When the 76ers Fired GM Billy King and replaced him with Nets’ GM Ed Stefanski on Tuesday, most of us were caught off guard. After trading Allen Iverson to Denver a year ago, the plan was to go young and clear salary cap space for after this season. This season was expected to be a tough one, where a mostly young roster was going to have to take its lumps. King was allowed to make the Iverson deal, execute the buyout of Chris Webber, and make the 3 1st round draft picks last June, so conventional wisdom was that King would/should be around to finish the job. But Chairman Ed Snider comes from his hockey background, where an entire roster can be rebuilt in one off season. Patience and rebuilding are not words in his vocabulary, and hence King is gone. After the bloated contracts that Willie Green, Kyle Korver, and Samuel Dalembert are playing under, I’m not so sure that King was the right man to handle the new found cap space, anyway.
Let’s hope Stefanski knows what he’s doing.
Nittymaki is ok.
Going into last season, Flyer’s goalie Antero Nittymaki was expected to take over the starting job and be the long-term answer. When he suffered a torn muscle in his hip in the pre-season, the team and Nittmaki decided that forgoing surgery (which would have required 3 month’s recovery) for periodic cortisone shots would be the best way to get through the season.
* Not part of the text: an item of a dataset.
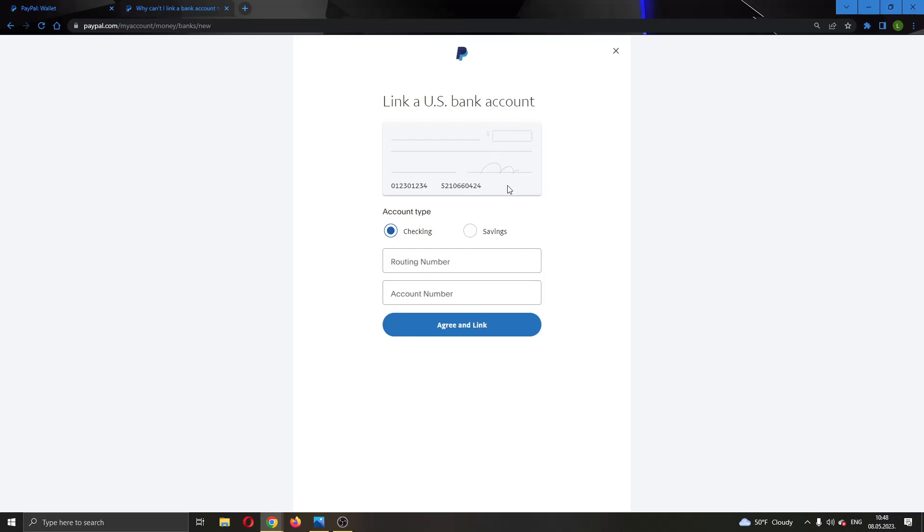If you have done all that, make sure that the bank account name is the same name that you are using on your PayPal account. After you have done that and made sure with your bank that everything is in order, you can enter your info right here and click on the green link. It should work and you should have successfully fixed your problem and linked your bank account.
In the following months, however, bad defense, injury, and loss of confidence was a significant part of the worst season in Flyers history. You had to wonder if Nittymaki could ever regain the form that made him such a prospect, of if his confidence had been shattered forever. The Flyers themselves made contingency plans when the brought Brian Boucher back to play for the Phantoms.
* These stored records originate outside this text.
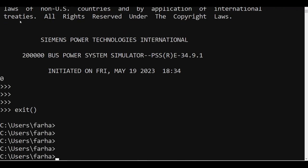For PSSE version 35, there are two key differences. First, PSSE 35 is 64-bit, so it comes with a 64-bit Python installation, and the Python version used is 3.9. Second, since it is 64-bit and uses Python 3, you need to call the Python 3 environment rather than Python 2. You can do this from the same command window even if you have both versions installed.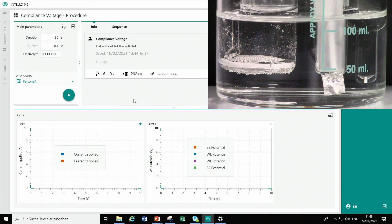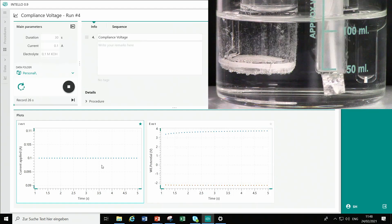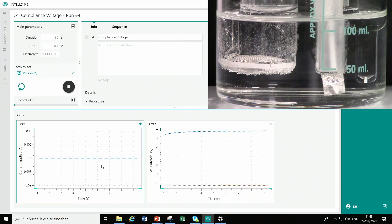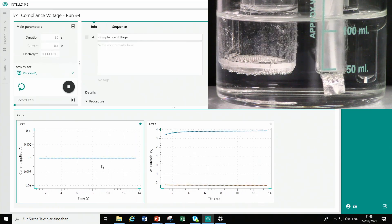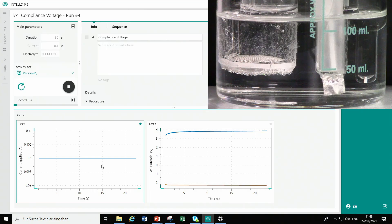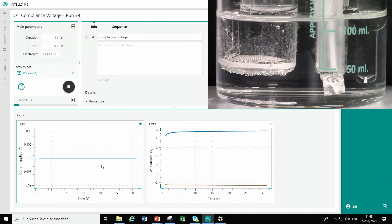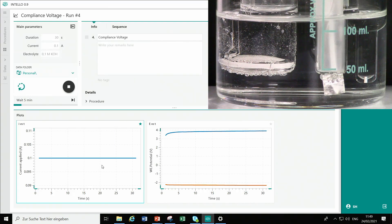Let's start the experiment without separator. A current of plus 100 mA is applied to the working electrode. The positive current leads to an oxidation at the working electrode, which generates oxygen at the platinum sheet electrode, and hydrogen is formed at the outer platinum mesh counter electrode. The potential of the working electrode with respect to the reference electrode is plotted in blue, and the orange curve shows the potential of the counter electrode with respect to the reference electrode. The potential difference between the working electrode and reference electrode is much higher than that between the counter electrode and reference electrode, because the area of the counter electrode is much larger, enabling much better mass transport.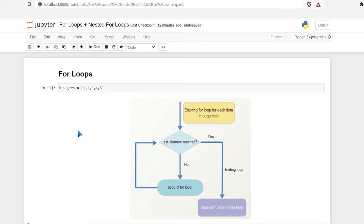Hello everybody! Today we're going to be learning about for loops in Python. The for loop is used to iterate over a sequence, which could be a list, a tuple, an array, a string, or even a dictionary.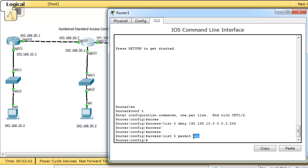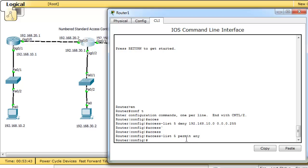Also, you should know there is an implicit 'deny any' at the end of every access list. So if you didn't type the 'permit any' line, all packets would be denied because of this implicit deny — effectively 'access-list 5 deny any'.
But Nittymaki has finally gotten a chance to play recently when Martin Biron’s cooled off after his hot start. And in back-to-back road wins over Ottawa and Minnesota, Nittymaki again looked like the goalie the Flyers thought they had, and can now count on if Biron goes down for any period of time.
Bye, Bye, Aaron.
It’s hard for me to bash the Phillies for the impending free-agent departure of CF Aaron Rowand. When Tori Hunter signed with the Angels for $16 million a year, I thought it was excessive, but understandable; you sometimes have to overpay for a player. But when Andruw Jones signed with the Dodgers yesterday to a 2 year, $36 Million contract last night, I was aghast. Jones hit .222 last season with a .311 on-base %. If he’s worth $ 18 Million, what does that make Rowand? You figure he will get his 5 year deal for $14-15 Million per. And that contract could end up being worse than the albatross that has been Pat Burrell’s deal. I love Rowand, and stats don’t tell the whole story, but he had a career year, and his playing style doesn’t seem to indicate 5 years of continued high-level production.
My only concern is that instead of spending elsewhere, the Phils will just pocket the money.